If it wasn’t for her, he would not be in this situation, he knew that.
‘Trust social media,’ Jessica had said. ‘It’s the place to do business these days.’
He slammed the kitchen cupboard shut. “Yeah, right, that worked out well.”
He had concerns about the small print on the contract. Too much fancy wording about ownership and royalties, wrapped up in legalese. It hadn’t felt right. It was too wordy, too many herein’s and thereto’s rendering it incomprehensible to the layperson.
But she, Jessica, his beloved, had persuaded him not to get a lawyer involved. Wasted money… more for them when the book was a bestseller.
And the book had sold over a million copies, becoming the hit they promised it would.
Except his name was not on the cover. He’d unknowingly signed his rights away for a fee. What he’d believed to be an advance had ended up as a single payment of £5000.
Not long after Jessica realised he wasn’t about to be inundated with spare cash, the rising star she expected. She’d left.
Packed her bags and stolen away when he was at a lawyer’s office, leaving him with an empty flat and a lease he could barely afford.
She had found Matt days later. Fucking days later. Four years of life together, and it had taken just days for her to move on.
The friends had fallen away after two months. Their messages had become less frequent, their sympathy, less sincere.
“Your drinking is becoming an issue,” Chris, his best friend, had said. “Maybe clean up a little.”
Liam wasn’t sure if he meant personally or his flat. But the killer was the last message Chris sent.
‘Get over it, man. She’s gone, your book’s gone; you can’t live in the past. Get a job, get laid, and call me when you have.’ And then, radio silence.
He wanted to smash something. The bottle, his fist against the wall, but he couldn’t risk the visit from the landlord.
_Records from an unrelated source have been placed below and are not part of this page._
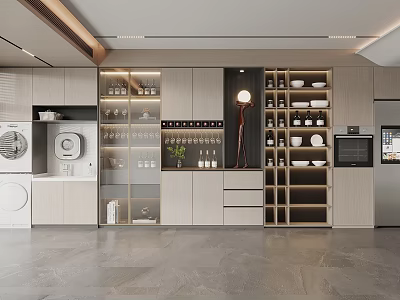 Modern Wine Cabinet In Open Kitchen With Glass Doors Wooden Cabinets And Interior Lighting Shelves 3d model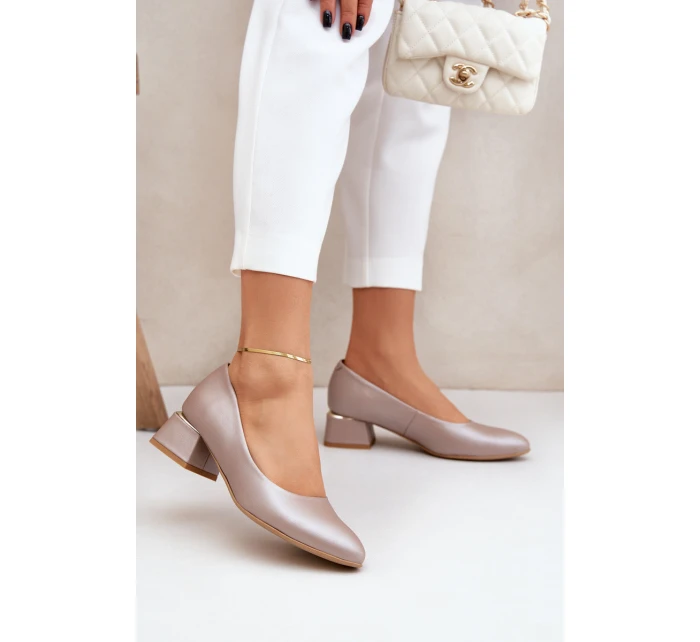 Kožené lodičky Lewski model 21682432 Tmavě béžové - Boto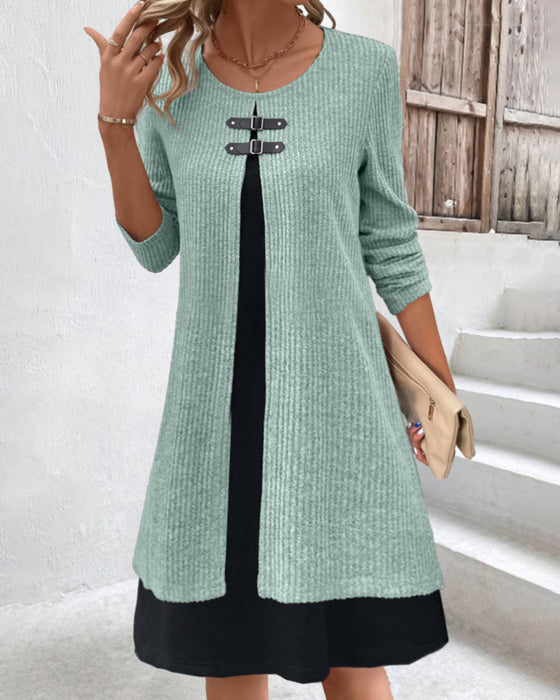 Patchwork, ribbet kjole med lange ermer
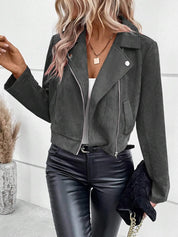 Zip Up Suede Cropped Moto Jacket | Jackets Daverri Fashions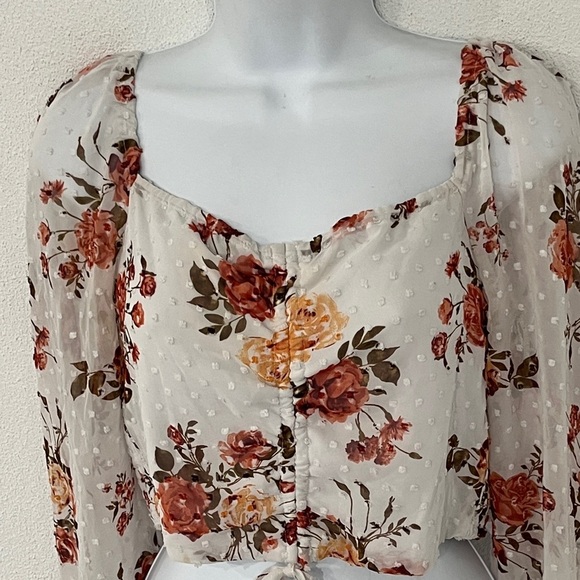 Rue 21 Floral Boho Crop Top Size M - Picture 3 of 6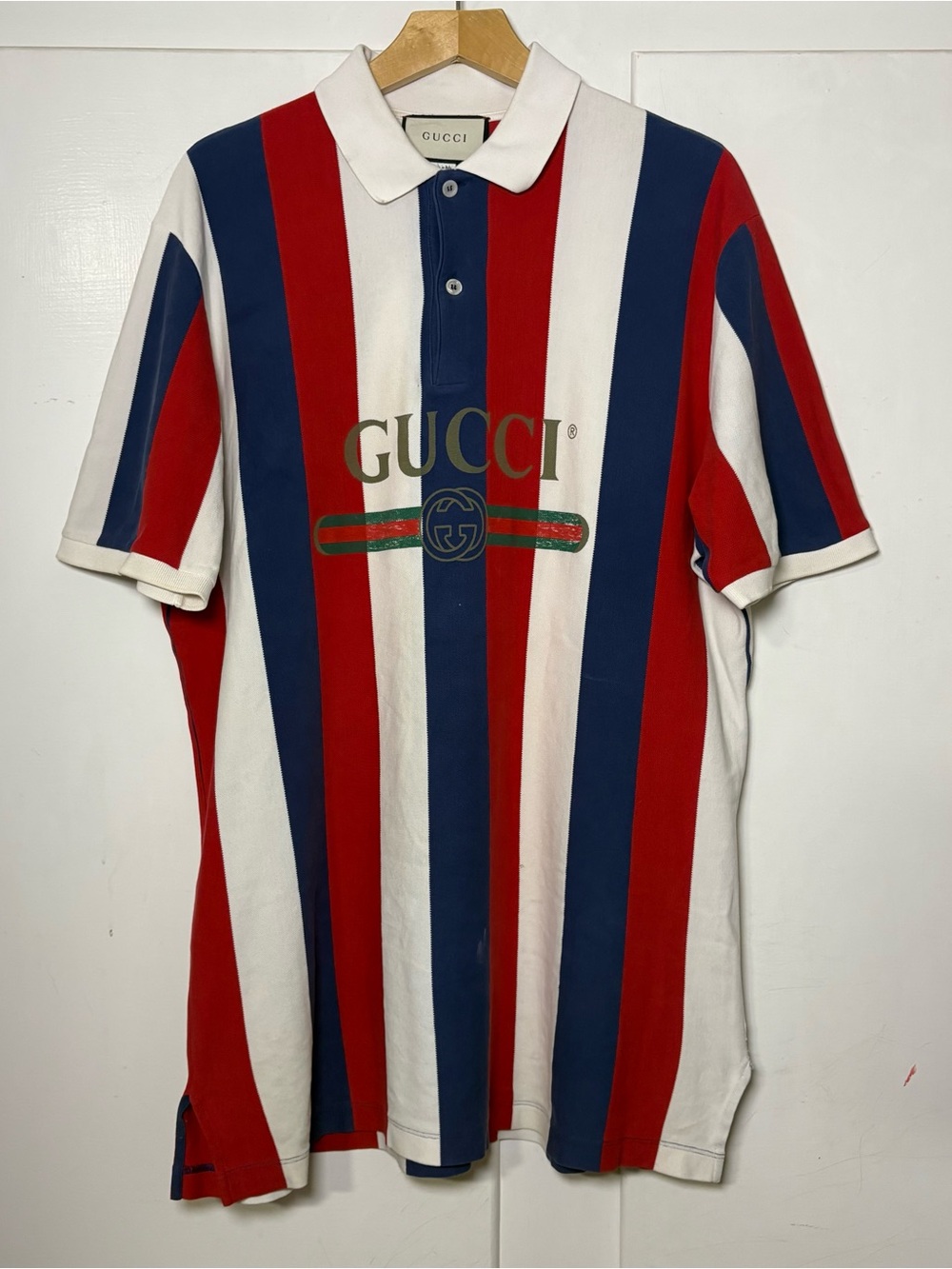 Gucci Red White Blue Striped Baiadera Polo Cotton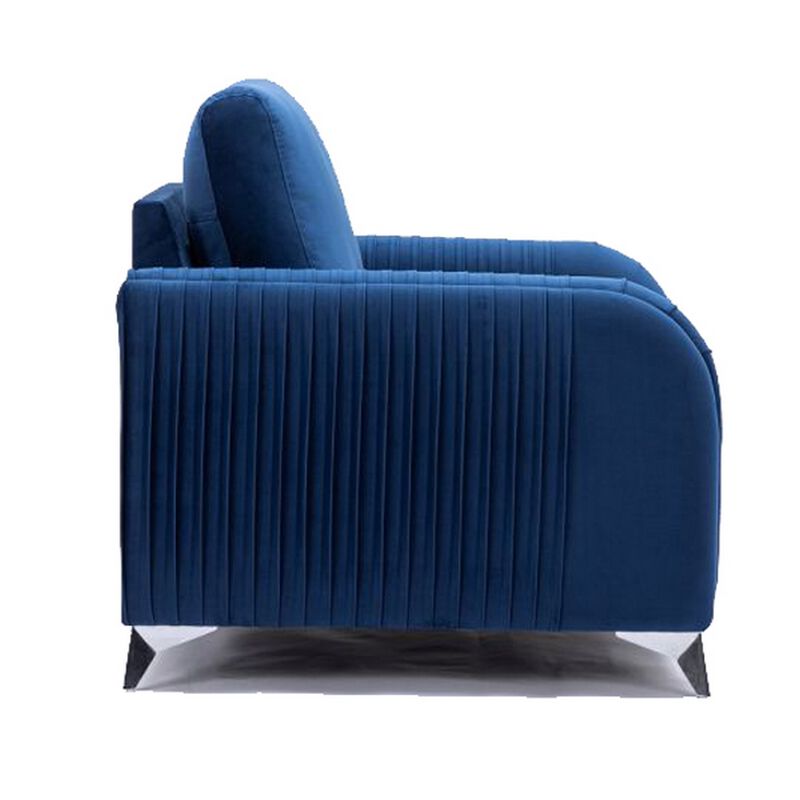Wiena 59 Inch Loveseat, Velvet Upholstery, Solid Pine Wood, Blue and Chrome - Benzara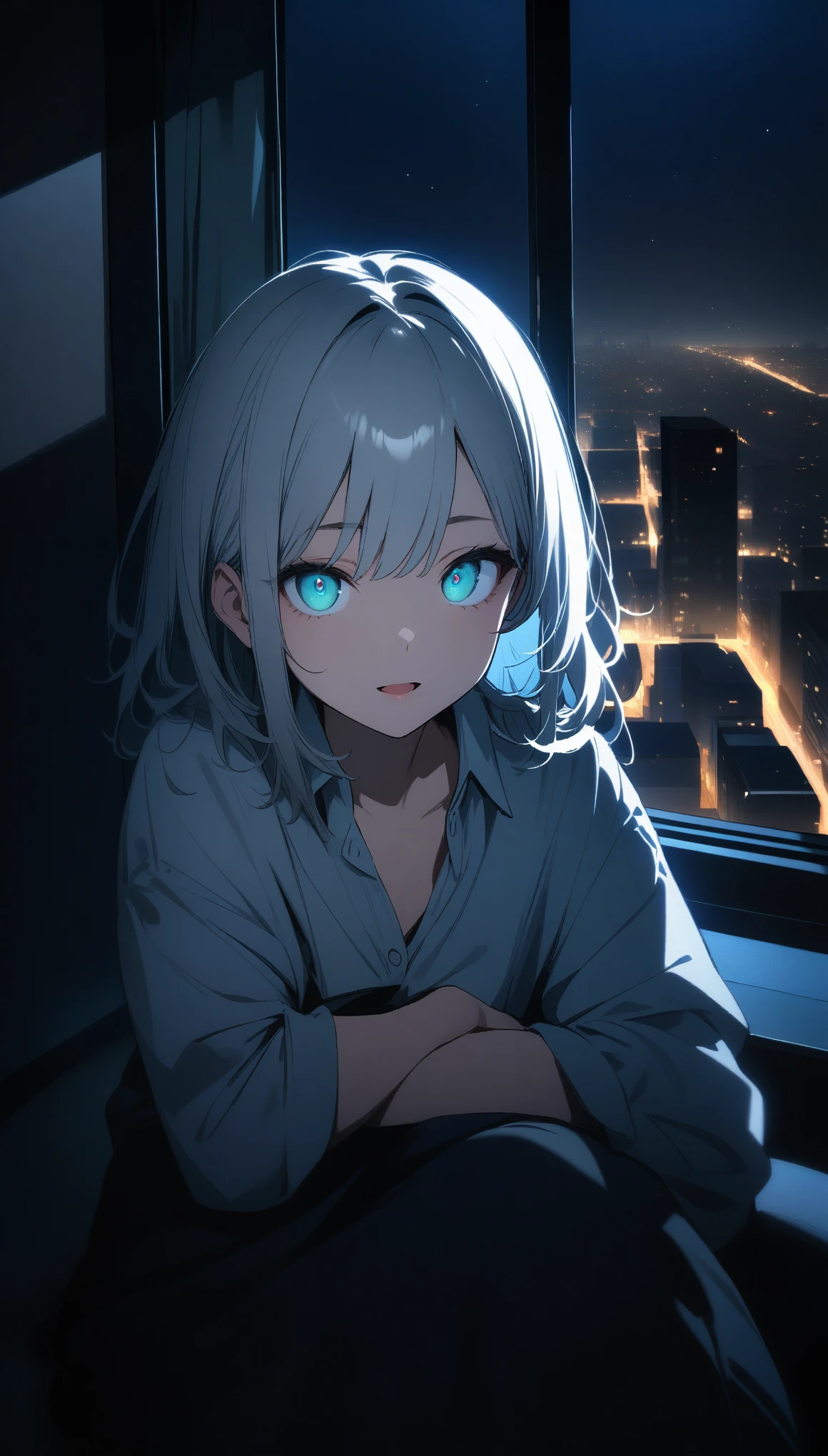 (masterpiece), highest quality, Cyan eyes, Light grey hair, Expressive eyes, Jorhaya, Sitting in a high-rise apartment room, Night Sky, Cityscape, View your viewers, City lights, window, highlight, Dramatic Light, Calm face, 32k, best quality, ultra high res, HDR, UHD, extremely detailed CG, unity 32k wallpaper,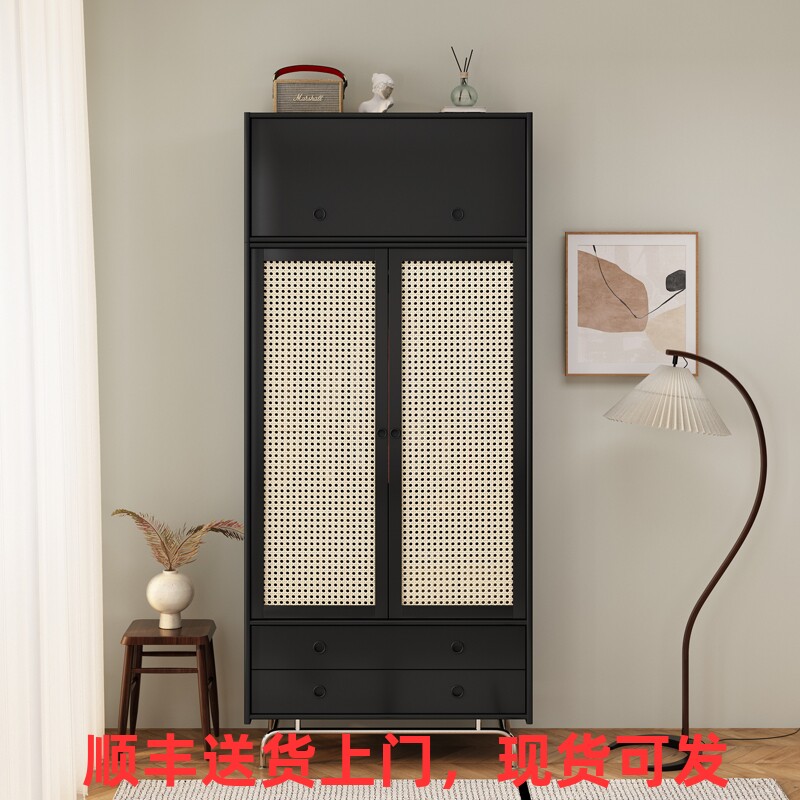 北欧实木藤编复古衣柜小户型卧室黑色衣橱收纳柜家用对开门储物柜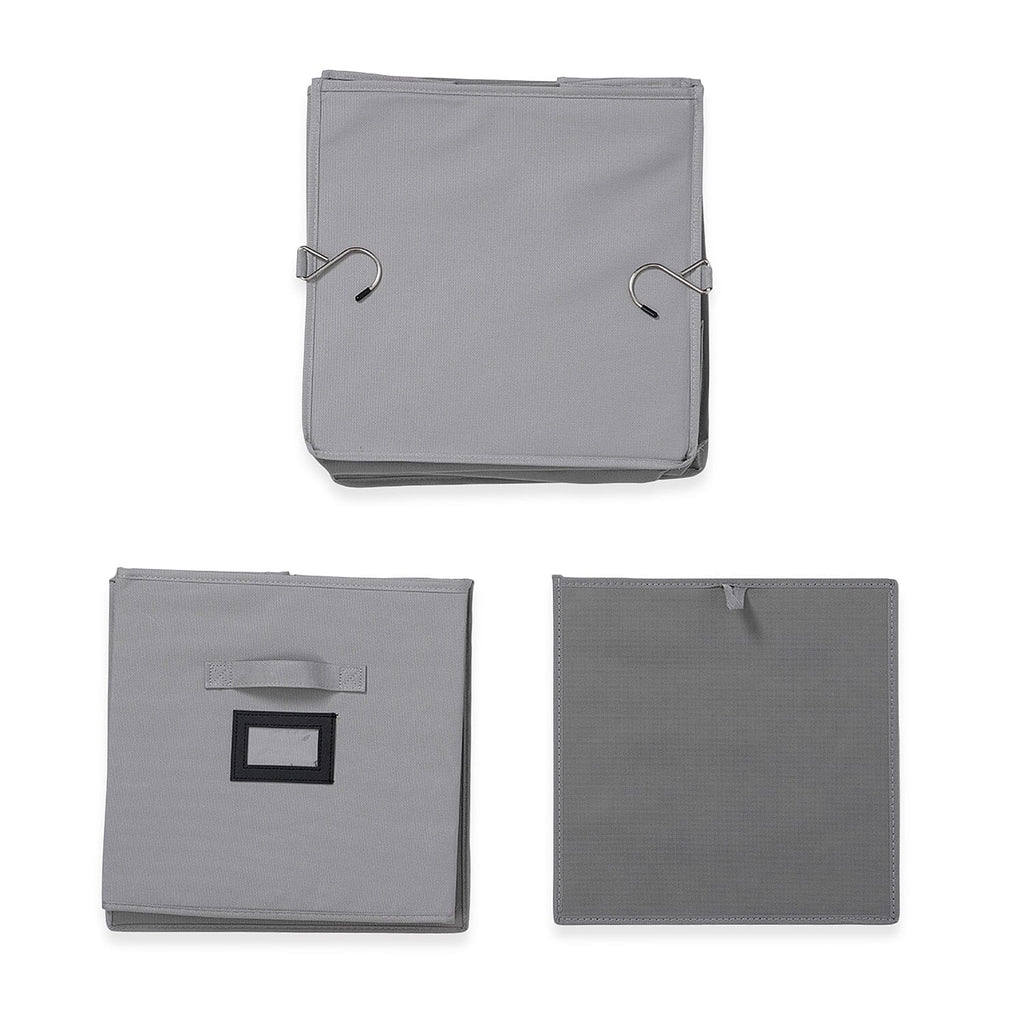 5-Shelf Hanging Shirt Rack with Storage Box - Grey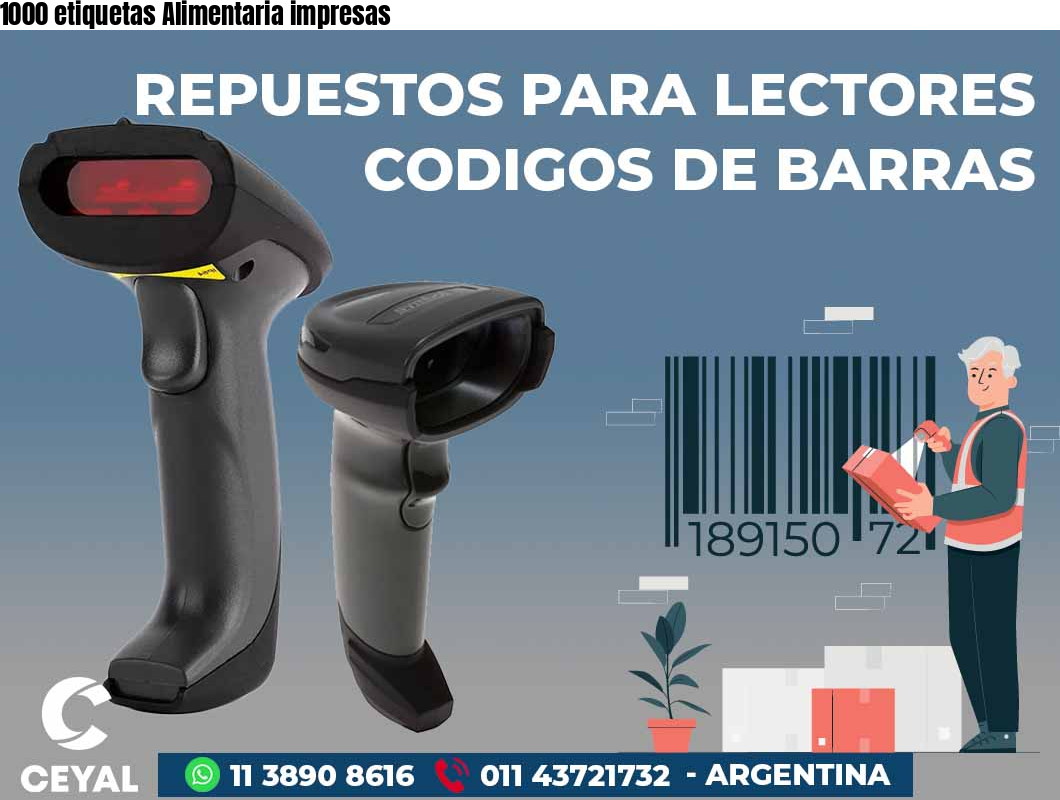 1000 etiquetas Alimentaria impresas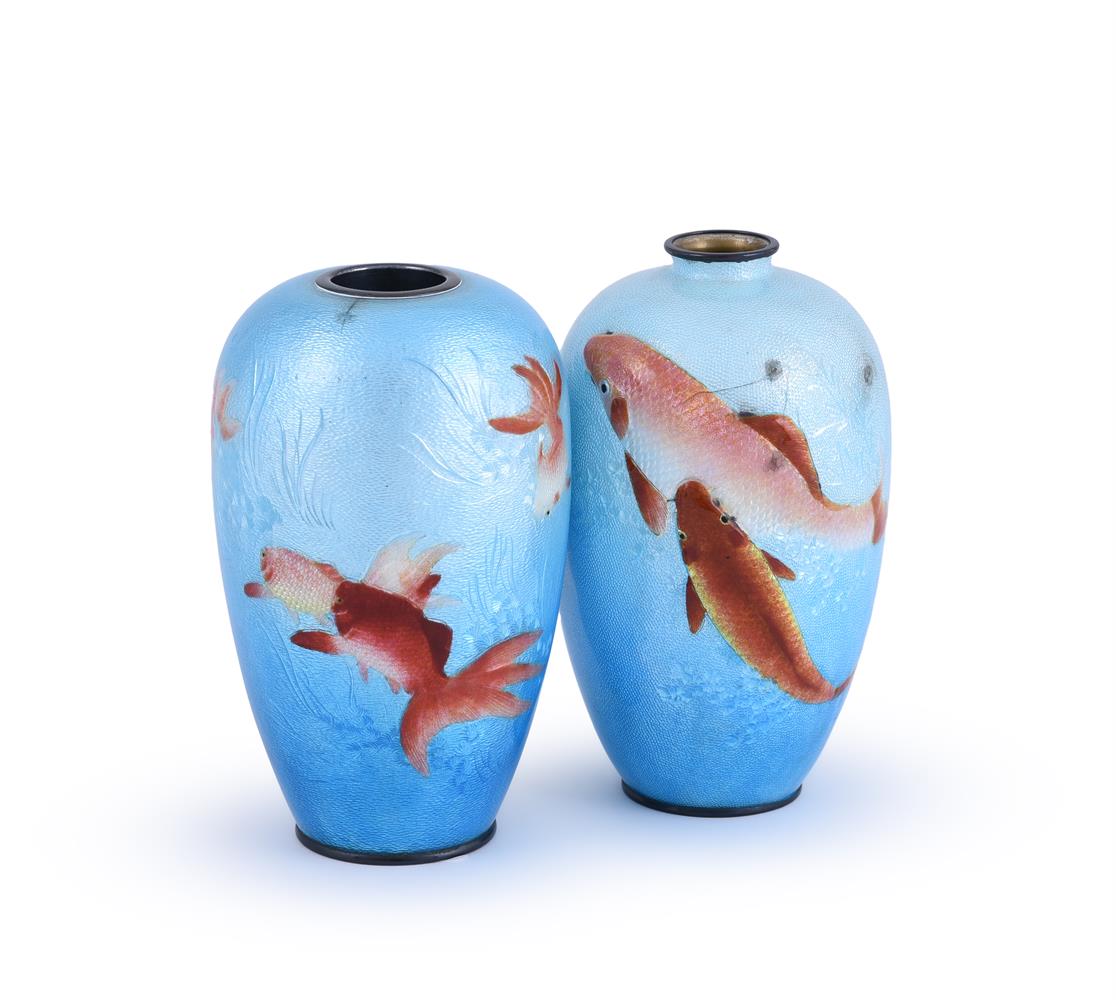 Kumeno Teitaro:: A Japanese Cloisonné and Tsuki-Jippo Enamel Vase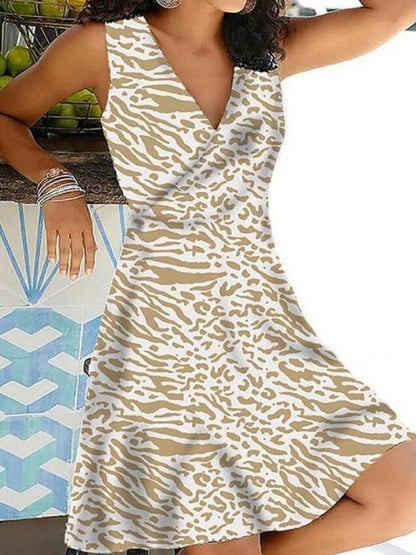 Dresses Casual Print V-Neck Sleeveless Dress - LuckyFash™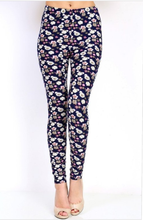 Load image into Gallery viewer, Womens Floral Extravaganza Navy Blue Leggings S M L
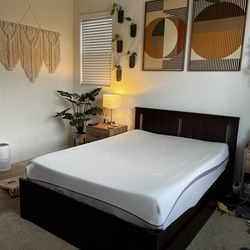 Full size purple mattress with bed frame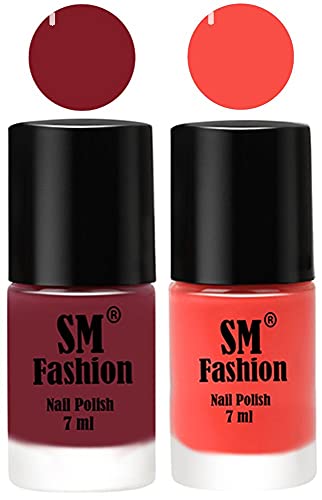 Image of Long Lasting Nail Polish | Nail Paint Combo 7 ml Each) - Set of 2 Lip-Coral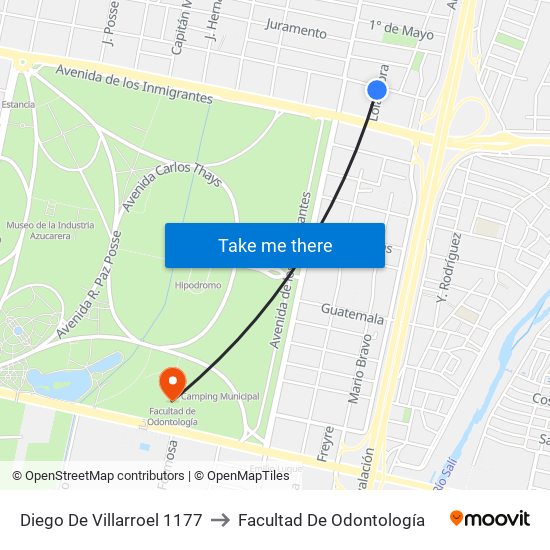 Diego De Villarroel 1177 to Facultad De Odontología map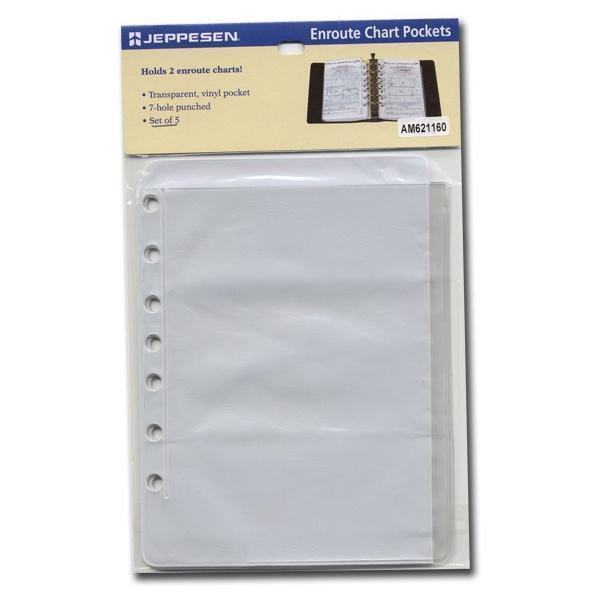 Jeppesen Pochettes carte Enroute plastiques transparentes x5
Being kicked out would just be the final cherry on his otherwise disastrous life.
Taking the bottle to his spot on the sofa, he turned up the tv, and tried to distract himself.
Stacks of his research lined the walls and floor. Interviews with retired detectives, transcripts from prison visits, annotated files of the different methods killers had used, and his original manuscript.
The Anatomy of a Killer: A James Blakely detective novel
When he had complained, threatened to sue, to go public, they’d laughed and pointed him toward their non-disclosure agreement with the parting words of. ‘You’re lucky we didn’t sue.’
He wasn’t lucky. He was invisible. Forgotten.
Worse, he couldn’t even write his follow-up book. The contract banned him from using any of the characters from that book. The ones he’d so lovingly crafted, back stories and all.
Drumming his fingers against the vodka bottle, he could start again. Hell, he had a short story somewhere. It wasn’t great, but he’d post it, find a free site. Start from scratch and build his own small following.
He stood.
It was a start; maybe that would encourage him to write again, to write for his readers. Once he got some, of course.
Opening up the laptop, he watched the damned cursor for a while before rooting through his drafts, as untidy as the flat, before finally finding and uploading the story.
It sat there in draft, challenging him to publish it.
Liam took a long draft of the vodka, staring at the site page, before he hit publish.
He stared at the screen as his heart kicked up a beat. A red notification icon had appeared. His joy was short-lived. Nothing more than an automatic approval notification.
Slumping forward, his hand grabbed the bottle in front of him before taking another drink.
What had he expected? Instant responses? He was still just Liam Barr, alone, in his filthy flat, just with an old story dusted off and the same old regrets.
Maybe tomorrow would be a better day… but he didn’t hold out much hope.